- Goal of the exercise
In the listing that follows, find the lines with the string "Print" and report how many there are, without commentary.

--- START ---

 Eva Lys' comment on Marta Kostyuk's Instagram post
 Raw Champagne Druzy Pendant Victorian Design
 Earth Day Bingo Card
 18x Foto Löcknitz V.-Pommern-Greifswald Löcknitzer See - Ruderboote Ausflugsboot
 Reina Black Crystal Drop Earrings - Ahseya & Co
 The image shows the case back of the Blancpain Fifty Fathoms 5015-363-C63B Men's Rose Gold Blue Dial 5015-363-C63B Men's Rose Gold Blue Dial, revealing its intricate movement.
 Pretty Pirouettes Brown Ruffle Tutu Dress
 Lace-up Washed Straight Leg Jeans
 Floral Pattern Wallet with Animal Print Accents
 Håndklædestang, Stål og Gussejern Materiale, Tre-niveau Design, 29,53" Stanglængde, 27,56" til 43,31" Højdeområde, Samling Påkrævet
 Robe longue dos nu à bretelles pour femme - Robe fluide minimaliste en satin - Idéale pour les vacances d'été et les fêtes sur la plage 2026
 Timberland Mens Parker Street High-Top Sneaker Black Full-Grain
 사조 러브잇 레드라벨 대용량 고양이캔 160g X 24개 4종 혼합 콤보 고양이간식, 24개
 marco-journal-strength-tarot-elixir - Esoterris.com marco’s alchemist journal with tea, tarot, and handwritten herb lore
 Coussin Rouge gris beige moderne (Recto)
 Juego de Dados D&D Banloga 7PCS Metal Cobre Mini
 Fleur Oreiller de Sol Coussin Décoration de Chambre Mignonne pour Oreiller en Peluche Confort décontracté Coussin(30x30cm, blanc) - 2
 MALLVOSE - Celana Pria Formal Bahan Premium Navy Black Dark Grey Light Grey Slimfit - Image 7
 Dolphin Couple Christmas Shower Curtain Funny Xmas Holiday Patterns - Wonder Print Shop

--- END ---

- Task solution
2